#### What needs to be done
Report every line below that has the string "production" in it.

** Opening Task material block **

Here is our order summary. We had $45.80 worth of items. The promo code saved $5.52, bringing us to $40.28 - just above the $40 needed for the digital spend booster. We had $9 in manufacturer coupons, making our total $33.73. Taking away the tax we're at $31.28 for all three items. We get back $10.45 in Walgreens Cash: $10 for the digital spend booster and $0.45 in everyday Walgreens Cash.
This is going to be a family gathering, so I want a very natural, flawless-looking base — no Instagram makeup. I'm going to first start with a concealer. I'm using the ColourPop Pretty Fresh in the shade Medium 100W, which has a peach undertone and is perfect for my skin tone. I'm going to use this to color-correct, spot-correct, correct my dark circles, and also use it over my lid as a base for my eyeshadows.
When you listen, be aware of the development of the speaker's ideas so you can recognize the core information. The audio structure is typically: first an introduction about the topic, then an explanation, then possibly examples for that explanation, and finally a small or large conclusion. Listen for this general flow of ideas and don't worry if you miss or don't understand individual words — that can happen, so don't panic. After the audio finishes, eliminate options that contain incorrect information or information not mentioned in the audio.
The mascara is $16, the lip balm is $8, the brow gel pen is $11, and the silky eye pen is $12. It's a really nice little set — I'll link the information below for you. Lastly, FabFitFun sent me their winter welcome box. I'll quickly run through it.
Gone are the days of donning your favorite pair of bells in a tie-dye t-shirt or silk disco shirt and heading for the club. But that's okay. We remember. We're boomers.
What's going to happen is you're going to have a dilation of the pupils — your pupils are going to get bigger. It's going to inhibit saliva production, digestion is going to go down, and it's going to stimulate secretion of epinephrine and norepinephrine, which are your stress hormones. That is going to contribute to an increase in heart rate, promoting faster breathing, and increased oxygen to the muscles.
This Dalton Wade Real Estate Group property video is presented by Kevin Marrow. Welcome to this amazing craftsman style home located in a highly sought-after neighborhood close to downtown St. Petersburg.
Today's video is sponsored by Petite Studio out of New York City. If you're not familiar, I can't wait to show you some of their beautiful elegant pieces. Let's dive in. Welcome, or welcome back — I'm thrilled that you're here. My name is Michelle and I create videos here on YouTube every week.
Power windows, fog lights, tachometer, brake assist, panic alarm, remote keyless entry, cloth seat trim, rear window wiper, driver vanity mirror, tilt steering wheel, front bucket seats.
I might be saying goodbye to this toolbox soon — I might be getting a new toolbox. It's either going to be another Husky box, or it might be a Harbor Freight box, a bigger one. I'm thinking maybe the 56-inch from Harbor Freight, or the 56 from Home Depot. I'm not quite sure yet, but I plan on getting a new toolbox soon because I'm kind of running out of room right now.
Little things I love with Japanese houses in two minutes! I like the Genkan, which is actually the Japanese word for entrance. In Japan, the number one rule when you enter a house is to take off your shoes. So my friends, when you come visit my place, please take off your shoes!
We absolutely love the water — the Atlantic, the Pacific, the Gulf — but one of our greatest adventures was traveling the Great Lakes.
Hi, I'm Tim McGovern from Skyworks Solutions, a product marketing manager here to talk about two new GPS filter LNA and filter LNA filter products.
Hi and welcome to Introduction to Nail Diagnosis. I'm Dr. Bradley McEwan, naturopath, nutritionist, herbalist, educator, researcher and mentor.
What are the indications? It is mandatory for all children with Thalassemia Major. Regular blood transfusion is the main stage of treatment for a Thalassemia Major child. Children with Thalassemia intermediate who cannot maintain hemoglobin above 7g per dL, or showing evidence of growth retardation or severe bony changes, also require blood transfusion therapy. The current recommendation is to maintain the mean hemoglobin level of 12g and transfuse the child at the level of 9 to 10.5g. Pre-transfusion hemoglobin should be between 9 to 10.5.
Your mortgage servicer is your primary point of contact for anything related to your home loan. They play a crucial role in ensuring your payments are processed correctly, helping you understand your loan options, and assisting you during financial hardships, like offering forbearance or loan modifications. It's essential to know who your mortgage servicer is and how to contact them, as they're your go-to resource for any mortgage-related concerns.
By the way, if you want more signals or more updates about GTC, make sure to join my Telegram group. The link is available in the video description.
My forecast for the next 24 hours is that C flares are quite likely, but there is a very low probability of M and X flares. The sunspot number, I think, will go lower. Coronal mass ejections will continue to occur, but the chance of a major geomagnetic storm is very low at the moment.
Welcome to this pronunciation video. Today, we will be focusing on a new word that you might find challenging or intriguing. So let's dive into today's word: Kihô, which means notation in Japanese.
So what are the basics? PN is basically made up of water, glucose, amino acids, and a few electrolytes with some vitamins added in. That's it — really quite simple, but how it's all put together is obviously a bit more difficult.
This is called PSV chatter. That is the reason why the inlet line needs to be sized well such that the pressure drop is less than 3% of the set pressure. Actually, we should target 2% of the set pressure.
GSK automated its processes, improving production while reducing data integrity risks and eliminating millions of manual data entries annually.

** Closing Task material block **

#### Exercise solution
What's going to happen is you're going to have a dilation of the pupils — your pupils are going to get bigger. It's going to inhibit saliva production, digestion is going to go down, and it's going to stimulate secretion of epinephrine and norepinephrine, which are your stress hormones. That is going to contribute to an increase in heart rate, promoting faster breathing, and increased oxygen to the muscles.
GSK automated its processes, improving production while reducing data integrity risks and eliminating millions of manual data entries annually.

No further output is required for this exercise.